Your task: A faithful copy without images is required: write out all the records exactly.

══ Data to process

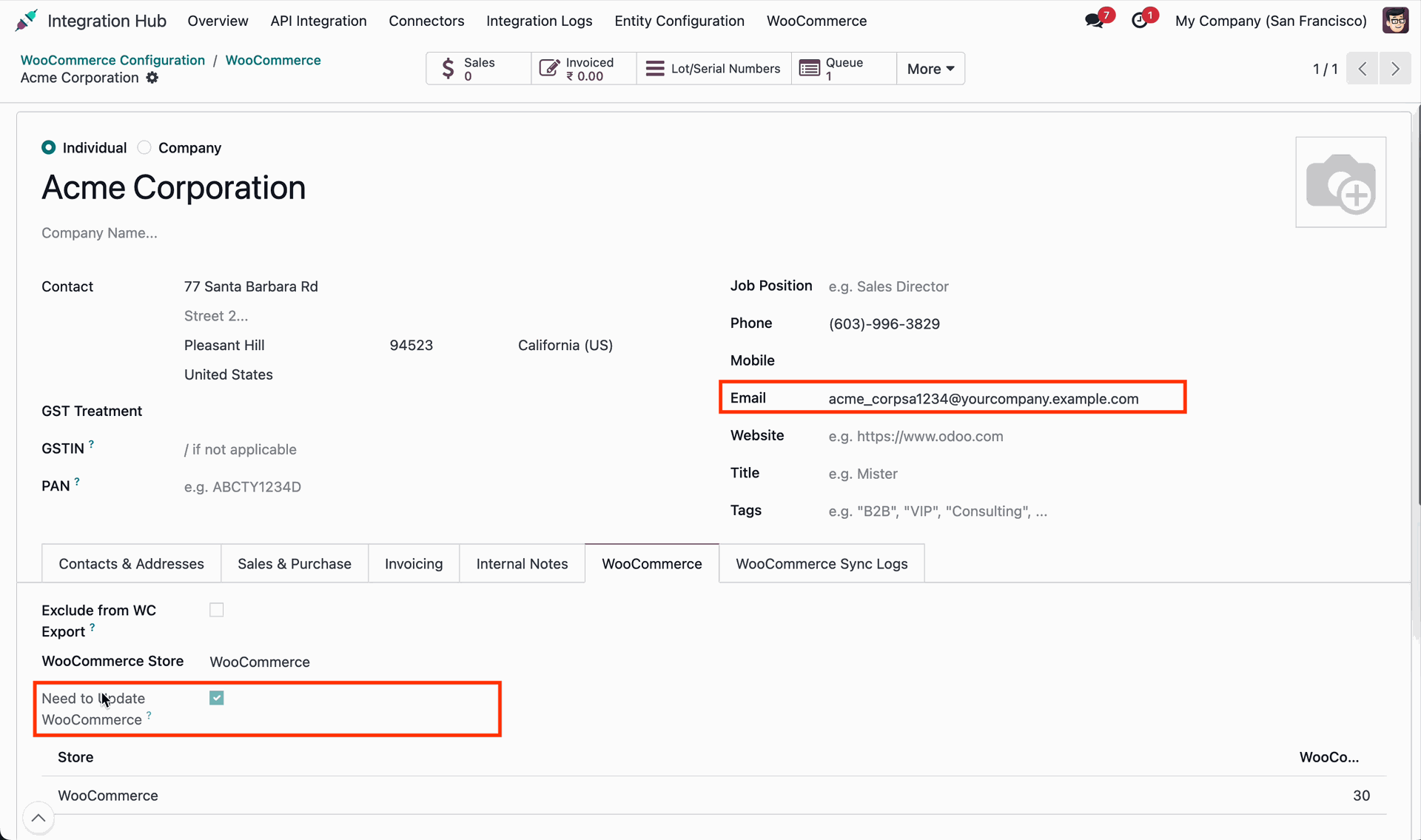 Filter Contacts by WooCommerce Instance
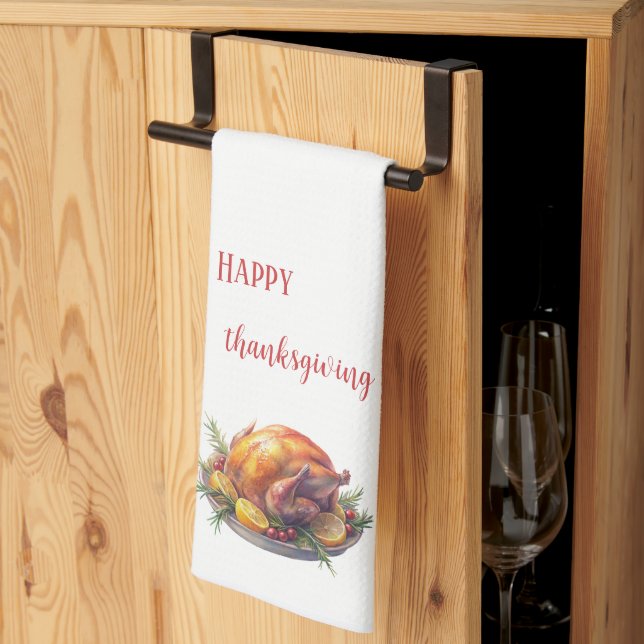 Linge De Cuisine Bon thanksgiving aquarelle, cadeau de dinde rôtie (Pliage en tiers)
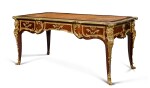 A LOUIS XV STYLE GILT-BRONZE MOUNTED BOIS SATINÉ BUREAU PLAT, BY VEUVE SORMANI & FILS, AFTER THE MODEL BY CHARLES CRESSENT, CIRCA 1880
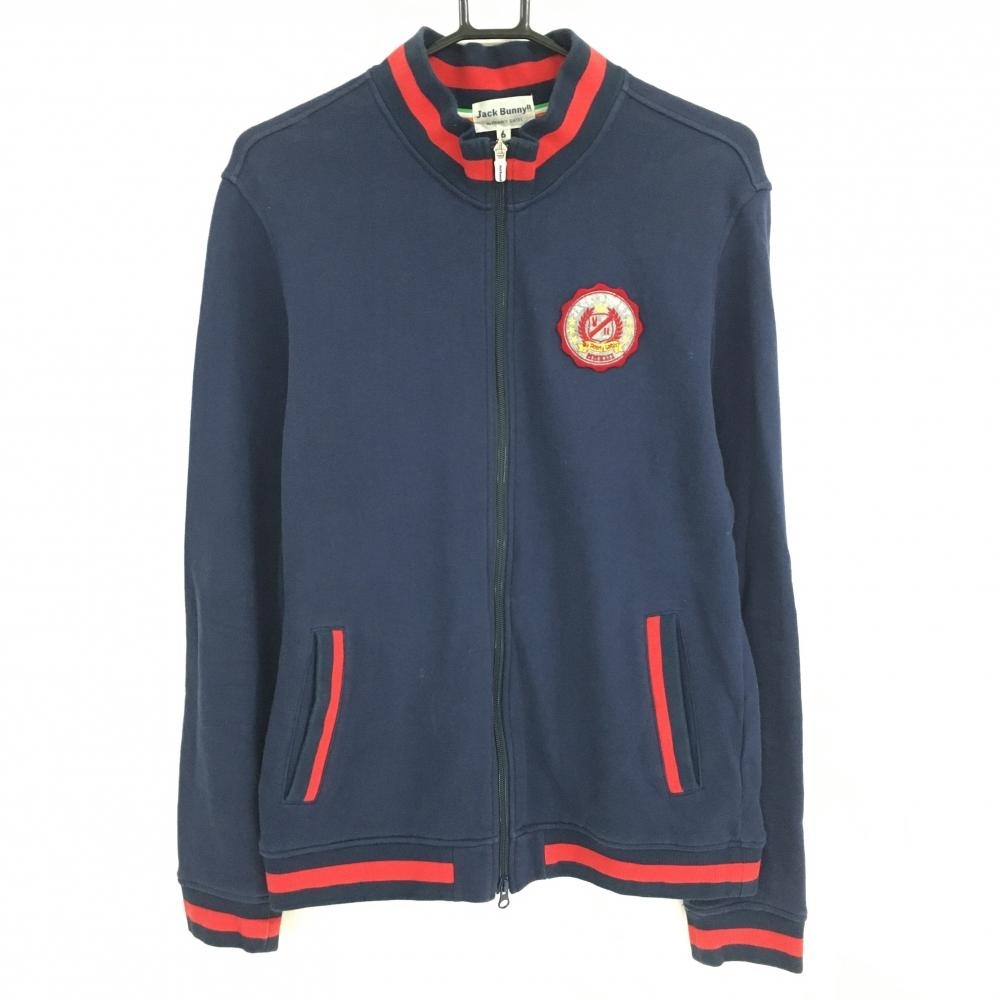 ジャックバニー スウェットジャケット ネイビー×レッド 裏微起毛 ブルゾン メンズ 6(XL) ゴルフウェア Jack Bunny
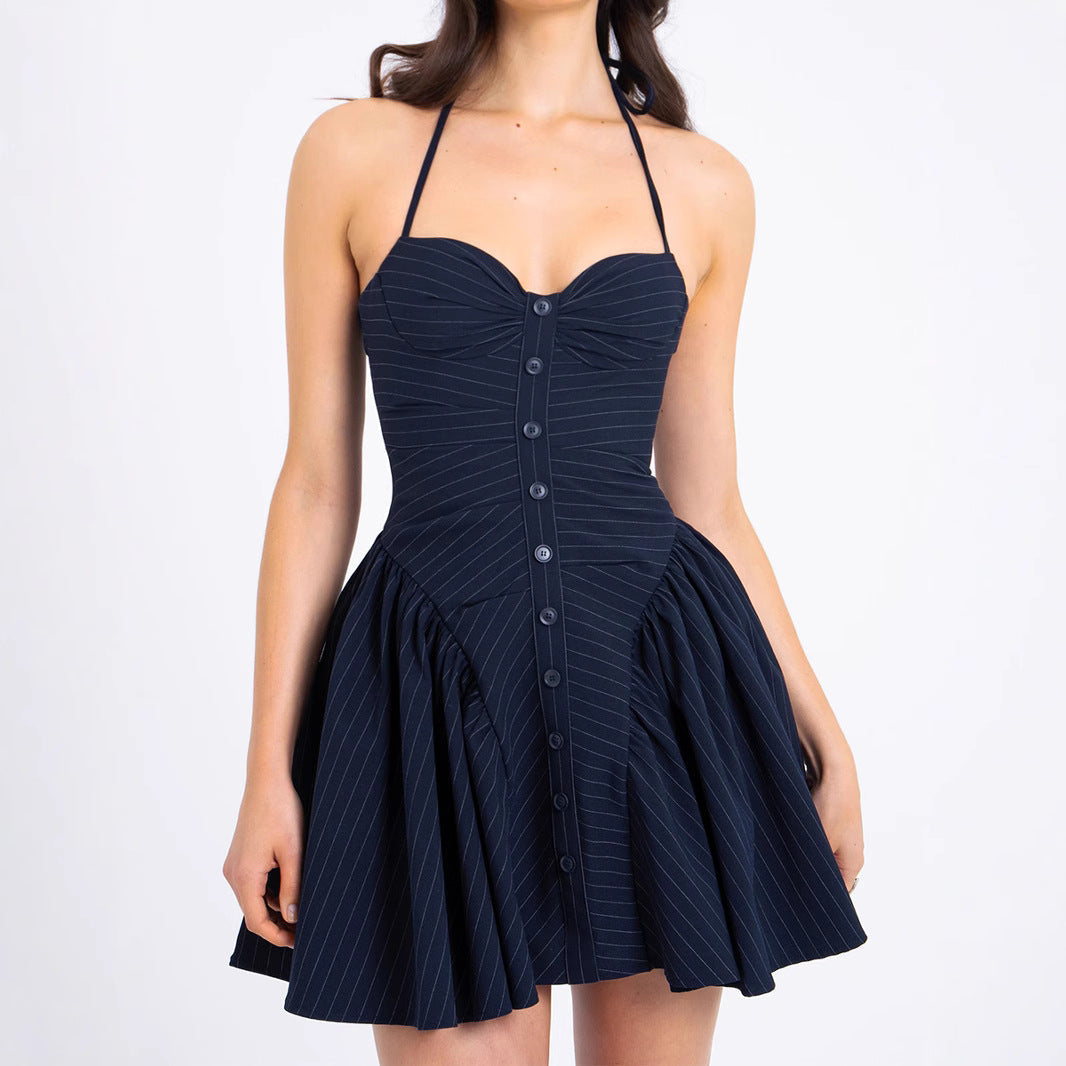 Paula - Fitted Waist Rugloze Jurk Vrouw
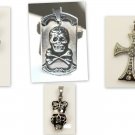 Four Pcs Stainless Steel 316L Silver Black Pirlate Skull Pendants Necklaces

════

Reply:
 Filter Contacts by WooCommerce Instance
 Linge De Cuisine Bon thanksgiving aquarelle, cadeau de dinde rôtie (Pliage en tiers)
 A LOUIS XV STYLE GILT-BRONZE MOUNTED BOIS SATINÉ BUREAU PLAT, BY VEUVE SORMANI & FILS, AFTER THE MODEL BY CHARLES CRESSENT, CIRCA 1880
 ジャックバニー スウェットジャケット ネイビー×レッド 裏微起毛 ブルゾン メンズ 6(XL) ゴルフウェア Jack Bunny
 Paula - Fitted Waist Rugloze Jurk Vrouw
 Four Pcs Stainless Steel 316L Silver Black Pirlate Skull Pendants Necklaces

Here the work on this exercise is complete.